On the Mountain … Seeking

Mount Athos gets little press in the Western Protestant (and I think Roman Catholic) churches (some links: wiki, homepage, monachos). A book I’ve started to read, on Saint Silouan, the Athonite. A little explanation, Athonite means “of Mount Athos”, which means the the subject of this book was a monk residing at a Russian monastery (St. Panteleimon). St. Siluan was born a Russian peasant in 1866. This book is in two parts, the first a description of his life, his actions, and his teaching and interactions with those around him, the second collections of what the Saint himself wrote, apparently on “scraps of paper” kept in his cell. The staretz Siluan was almost illiterate, but was as evidence in this book, very holy and wise. Staretz, btw, means “spiritual father”, a practice in the Eastern tradition is that there are spiritual directors/fathers guiding the spiritual life of the members of the community. Often this person is the priest, but as is the case with staretz Siluan this is not always the case. Another term, this book was written by Archimandrite Sophrony. Archimandrite, in English, would be translated as Abbot and signifies the leader of a monastic community.

This book is remarkable, and it should (if my faulty memory serves me) to be on my “most influential book” list at the end of the year.

Leave a Reply

Your email address will not be published. Required fields are marked *

4 comments

  1. DebD says:

    that does indeed sound like an interesting book. I enjoy reading about the lives of saints.

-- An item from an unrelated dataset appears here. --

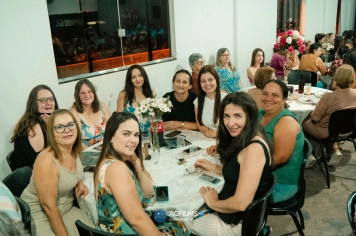 Foto - Uma Noite Para Elas: Dia da Mulher em Esperança Nova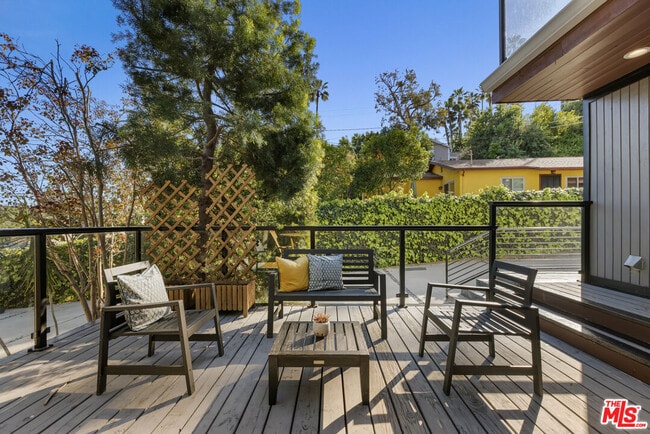 Building Photo - 1057 N Ave 49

    I’ve attempted to read a few books on Orthodox spirituality only to hit a brick wall. Perhaps this one is a bit more approachable?

  2. Mark says:

    DebD,

    I’ve found it readable, but have decided not to read it quickly (which is my wont) to absorb it better.

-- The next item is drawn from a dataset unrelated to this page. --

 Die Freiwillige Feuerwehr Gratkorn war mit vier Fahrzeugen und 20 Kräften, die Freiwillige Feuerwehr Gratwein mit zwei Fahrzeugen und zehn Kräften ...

    Have you read St. Theophan’s Spiritual Psalter his collections of St. Ephraim the Syrian’s Psalms?

    What sorts of books have your tried (and not liked), I’ve “tasted” some few (in my year or so of being Orthodox 😉 ).

  3. Mark says:

    DebD,
    Oh, I had a thought (and it’s free!). At the ethereal (online) library, hop over to the “church fathers” link and download the St. Cassian pdf. His conferences are, I found, quite readable. He’s also excerpted in the (in think volume 1) of the Philokalia (in the English printing).

  4. DebD says:

    Mark,

    I’ve *tried* a lot of Orthodox books. That is why I ask if he is approachable.

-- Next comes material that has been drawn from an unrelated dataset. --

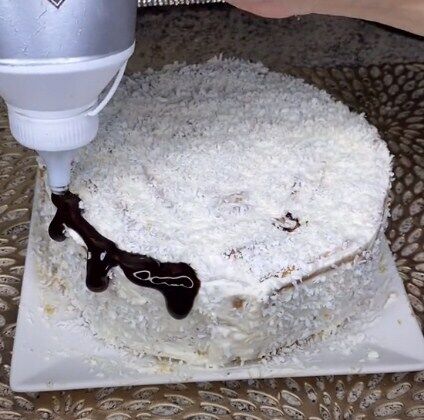 Торт прикрасити кокосовою стружкою та шоколадом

    In fact. s-p over at Pithless Thoughts has a insightful entry (the comments are good too) about reading Lossky.. I related to Grace’s comment quite a bit.

    But to what I have read. Besides the standard Schmemann, Hopko and Ware… I’ve read occasionally from the Spiritual Psalter. I also enjoyed Fr. Arseny, Way of the Pilgrim, Bread&Wine, Oil & Water (Webber), The Apostolic Fathers, Orthodox Worship (by Williams), St. Athanasius, Foster’s book on Confession, and Elder Cleopa. I attempted Staniloae about a month ago and need to try it again. I have The Lament of Eve and The Trial of Job on my lenten reading list. Last Lent I used a Church Father’s reading list put together by the Catholics. It was very good, but not necessarily devotional.

    Thats what I can remember.

    Thanks for the link I keep hearing about St. John Cassian and how good he is. I’ll have to try him out.